In his address to the state governors, the Finance Minister called on them to facilitate investments in their states to create jobs and enhance production. He noted that south Sudan will be hit hardest by the falling oil revenue as the south gets more the 90% of its income from oil. But no state government or even the Government of South Sudan has the capacity to finance investment or job creation. That must be done by Khartoum.

The drop in government revenue may adversely affect the peace process as the government will not be able to fulfil its commitments according to the agreements. Issues like repatriation of the IDPs and refugees, developing area affected by the war, are less likely to be carried out as there are no funds to support those activities. For the Darfur Peace Agreement the government has pledged to invest around $300 million in developing the region. We are now close to the end of the third year of the agreement and nothing has been invested until now. The government only pays the salaries of the transitional authority staff and their other running expenditure.

The credit crunch will also affect the flow of grants and donations as the major donors have been severely hit by the crisis and will cut back on their aid budgets. The Sudanese government will not be able to borrow from the international lending institutions because of the bad creditworthiness and also the American sanctions which are hitting hard at the financial sector in Sudan, and there are no sign that will ease in the short term.

The Sudan government has no alternative but to undertake some difficult reforms of its domestic economic policies. These should begin with attention to its investment policies, especially the way of giving tax incentives for new investor for five years. Currently Sudan is not attracting investors in the main sectors of the economy so they can create jobs. Most investors in Sudan (for example from the Middle East and Turkey) are interested only in making short-term returns, focusing on activities that bring quick income and not creating long term jobs in the economy. Recently Sudan has succeeded in attracting investors in the agriculture sector but it is to early to judge the benefit of that.

The current tax system in Sudan needs an overall review to close its many loopholes and allow the government to levy the correct taxes from the right people. Currently only the small traders are obliged to pay the full taxes while the big cats usually pay less then 25% of the taxes they are due. The agricultural sector has also been hit hard by different types of taxes especially local taxes on rainfed irrigation systems.

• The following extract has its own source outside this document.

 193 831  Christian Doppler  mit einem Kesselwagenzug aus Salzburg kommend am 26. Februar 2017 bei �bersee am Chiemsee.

The most important social and economic challenge facing Sudan today is the high rate of youth unemployment. About three quarters of the university graduates of the last ten years are unemployed. The government has no policies which might reduce this rate by creating jobs for them.

The Sudanese people are still waiting for the peace dividends in shape of economic development which will help in alleviating poverty and raising the standard of living to the majority. At the time when market economy has been tested to the limit in western countries and governments are now nationalizing banks and taking control of key economic sectors, the opposite is happening in Sudan. Thirty years ago, Sudan led the world in selling off its state assets to well-connected private individuals, even before it became fashionable to do so in the UK and US. Now the government is continuing the privatization drive, which now extends as far as the education and health services. No support is given to the majority of low-income families. Despite the rhetoric we do not have a free market economy in Sudan. Instead we have a market dominated by a number of monopolies in most economic sectors, controlled by private individuals who are well-connected to the government. It is not the state that regulates the country’s leading businessmen but a cosy partnership between the two. Sudan’s economic policies are designed to enrich certain people at the expense of the majority.